Consider the problem of using IBM 360-370 style conditional assembly directives to implement loops. To the programmer, this is simply a backward GOTO in the text, and it is only allowed within the body of macros. How would you implement this in the assembler?
What problem would result if parameters were passed by normal textual substitution instead of by value in Figure 6.16? Consider passing an initial count of 40 when the maximum allowed line length is 80 characters.

References

Most of the example assembler, including the syntax given in this chapter for conditional and macro assembly, is based on the SMAL assembler which is fully described in

Machine Independent SMAL: A Symbolic Macro Assembly Language, by D. W. Jones, University of Iowa Department of Computer Science technical report 84-09 (July, 1984).

Chapter 10 of the text

PDP-11, Structured Assembly Language Programming by Sebsta (Benjamin Cummings, 1985)

contains a nice introduction to the macro facilities of MACRO-11, the assembler for the PDP-11 family of computers.
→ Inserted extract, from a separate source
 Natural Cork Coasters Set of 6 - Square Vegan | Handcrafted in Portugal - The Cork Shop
This is one of the better designed macro and conditional facilities which can be found in commercially available assembly languages.

Chapter 4 of the text

System Software, an Introduction to Systems Programming by Beck (Addison Wesley, 1985)

contains a decent survey of alternative approaches to macro processing, as well as a short discussion of macro implementation. Chapter 4 of the text

Systems Programming by Donovan (McGraw Hill, 1972)
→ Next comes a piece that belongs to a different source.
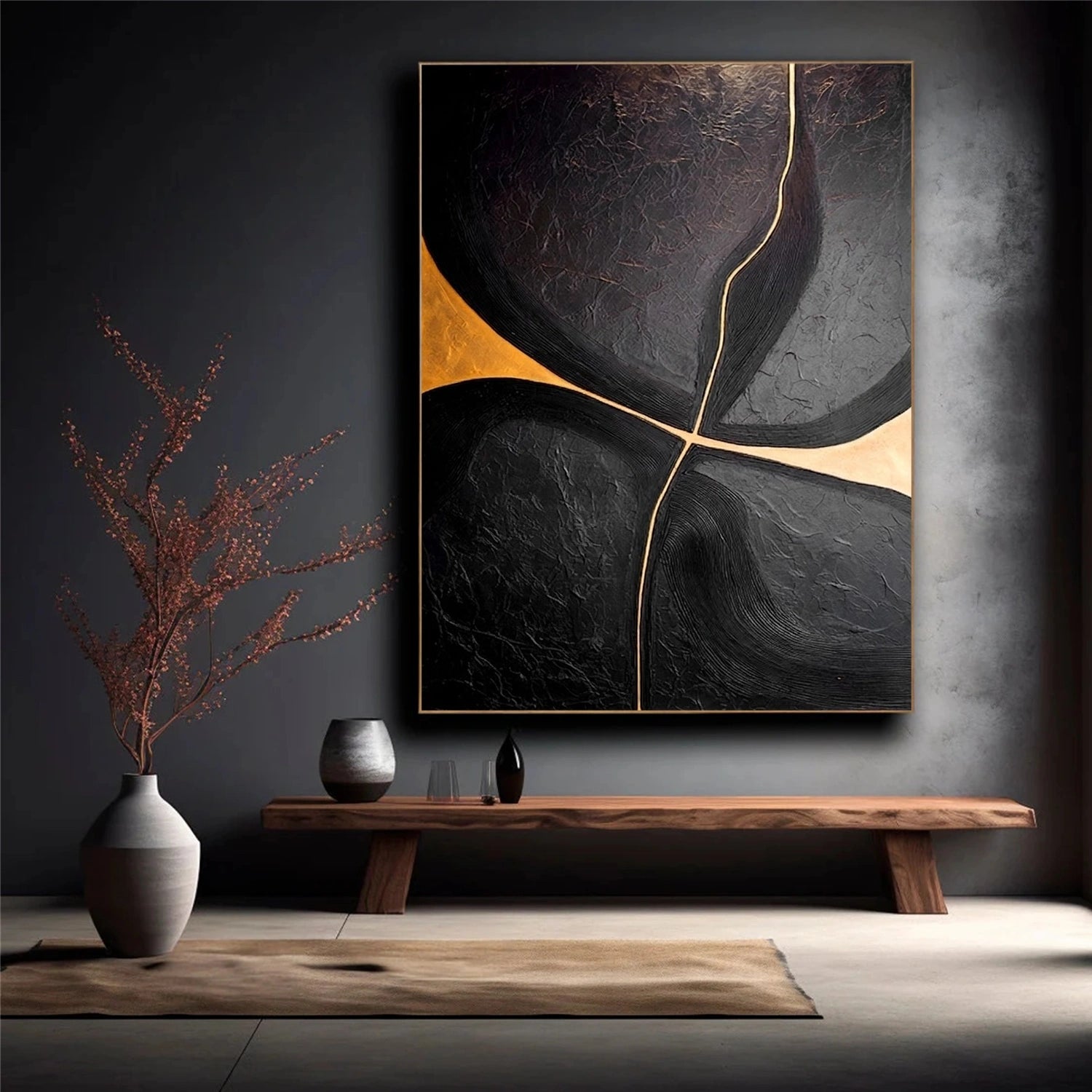 Black Minimalist Textured Canvas Art #WZ127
gives details of the implementation of an IBM 360 style macro preprocessor. Section 4.3.2 discusses the possibility of macros which, when expanded, cause other macros to be defined.

The macro preprocessor for C is described in

The C Programming Language, by Kernighan and Ritchie (Prentice Hall, 1978 or 1988).

Many C textbooks give this subject only minimal coverage, even though the macro preprocessor is quite powerful; it even allows the definition of macros which build new control structures.